Europe should prepare to defend itself without America

Europe desires a fundamentally disinterested protector, but the European countries better realize that America’s unwillingness to provide that security will continue to grow, writes Jeremy Shapiro in this insightful piece in [War On The Rocks] [WTHR link]:

But presidential incompetence and the public’s lack of interest is a weak foundation on which to build a durable foreign policy. The disinterested nature of America’s security relationship with Europe means that its commitment to the continent is usually first in line for the foreign policy chopping block. For a public that wants to put America first, it is particularly hard to explain why America should protect a relatively stable continent of rich democracies. Trump has made a lot of rhetorical hay out of Europe’s freeriding on America. Neither the American foreign policy establishment nor their European allies have found an effective political counter-argument.

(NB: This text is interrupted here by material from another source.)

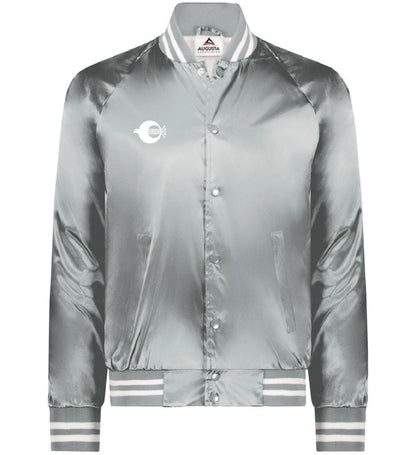 Effie Satin Jacket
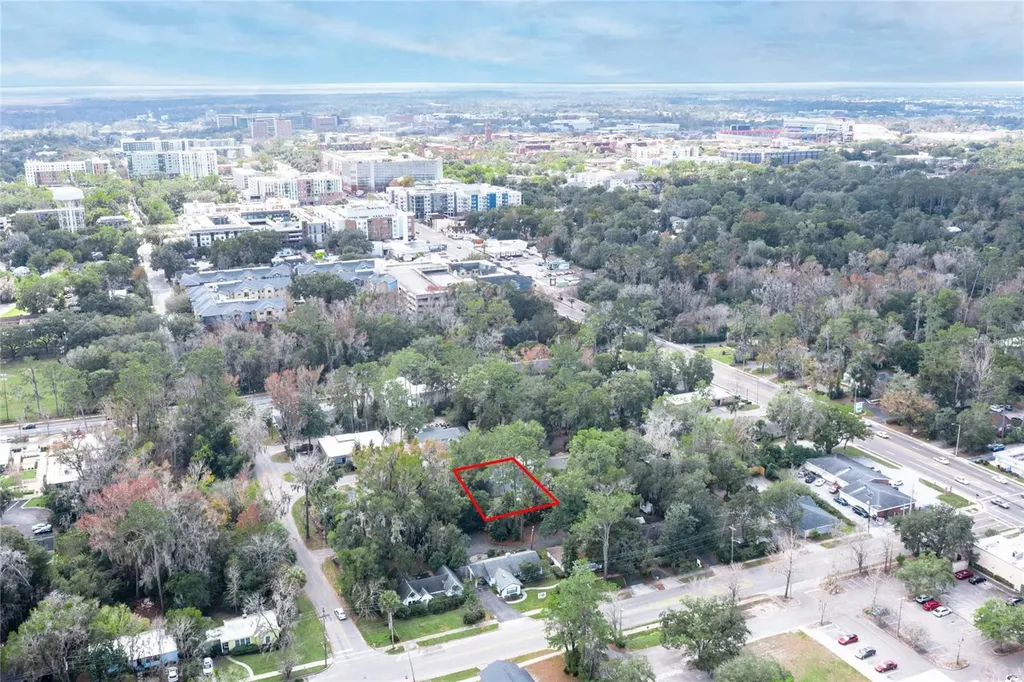 1216 NW 9th Avenue Gainesville FL 32601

All of this creates a deep challenge for Europe. Europe has an intense strategic and psychological dependence on the United States, yet Trump’s America, and arguably any future America, is both uninterested in, and unable to fulfill, its traditional role in Europe.

The states of Europe should be preparing for that day. But, as the mild reaction to the radical Trump presidency shows, internal divisions mean that by and large they are not. For all the upsetting changes in America and Russia, for all the crises that have rocked Europe in the last several years, and for all the destabilizing developments in Europe’s neighborhood, E.U. member states clearly prefer the old bargain that has served them so well. For the most part, they will cling to it until its demise becomes clearer than truth. In the meantime, no one will block Trump’s photo opportunity at the next NATO summit.

In my story about the Danish submarine debate I described how Danish rear admiral Wang and German commodore Reineke expressed fundamentally different expectations about the probable American support in case of a regional conflict in the Baltic Area:

Wang’s argument was that […] Denmark would […] find itself in a position where the navy must play the offensive role in a mission to escort troops to the Baltic states under the support of allied forces counting several carrier strike groups located in the North Sea. […]

[T]he German point of view was that the regional powers must be prepared to manage a conflict in the Baltic Sea without external support from allies.

Jeremy Shapiro’s argument supports the German position.